Fans may be reassured that this filmmaker hasn't entirely abandoned his trademark dryness: it's there in the recognisably wry interpolation of chapter headings, and the manner in which Anderson's "underdog dogs" pause for a beat before talking to one another like upstate New Yorkers lamenting the gentrification of their favourite neighbourhoods. These pooches are at their funniest early on, when the airs and graces of the voice performers (Edward Norton, Bob Balaban, Jeff Goldblum) are held in balance against the basic-bitch characterisation. Pack leader Chief (Bryan Cranston) informs his charges, in no uncertain terms, that they make him sick, a feeling demonstrated when he turns his head to regurgitate dinner; his insistence that they stop licking their wounds in order to reorganise and find a way back to civilisation cues a cut to his audience literally licking their wounds.
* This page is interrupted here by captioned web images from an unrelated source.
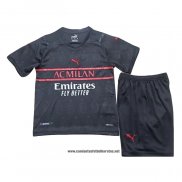 Tercera AC Milan Camiseta Nino 2021-2022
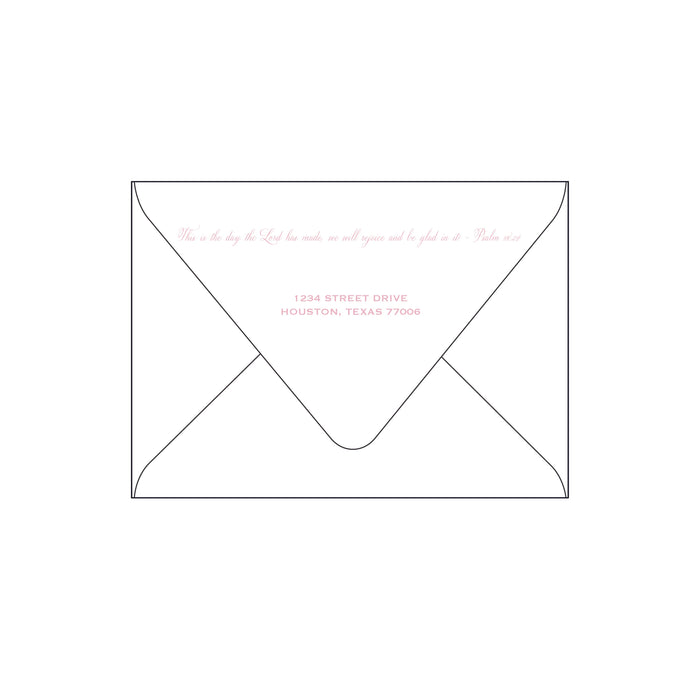 bird cross pink | invitation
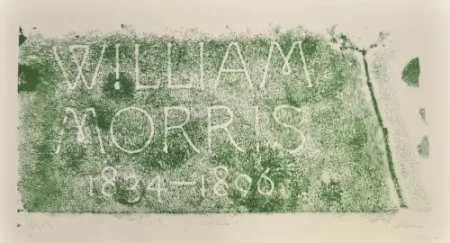 Litografía Myles - A History of Type Desing / William Morris, 1834-1896 (Kelmscott, England)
Evidently, these are no cuddly Gromits nor adorable Marmadukes. One dog tears off another's ear in an early territorial dispute, and as a group, they tend to enter all too readily into cotton-wool commotions that recall the representations of fight scenes in a Beano strip. Alexandre Desplat's melancholy score announces Isle of Dogs as going for a more singular, indeed peculiar tone than most animated fare. Analysis of a black box recording turns up a kid pilot's last wish to be cremated alongside his pet pooch; every other character appears to be on the brink of death or the verge of tears. It was, let's say, optimistic of studio Fox to book the film into matinee slots, because there's no guaranteeing what holidaying pre-teens hopped up on Mini Eggs are going to make of it. At the public screening I attended, Isle of Dogs played out to a silence that suggested those present were either utterly bemused or mentally resolving to go home and snap up everything else this Anderson fellow has made.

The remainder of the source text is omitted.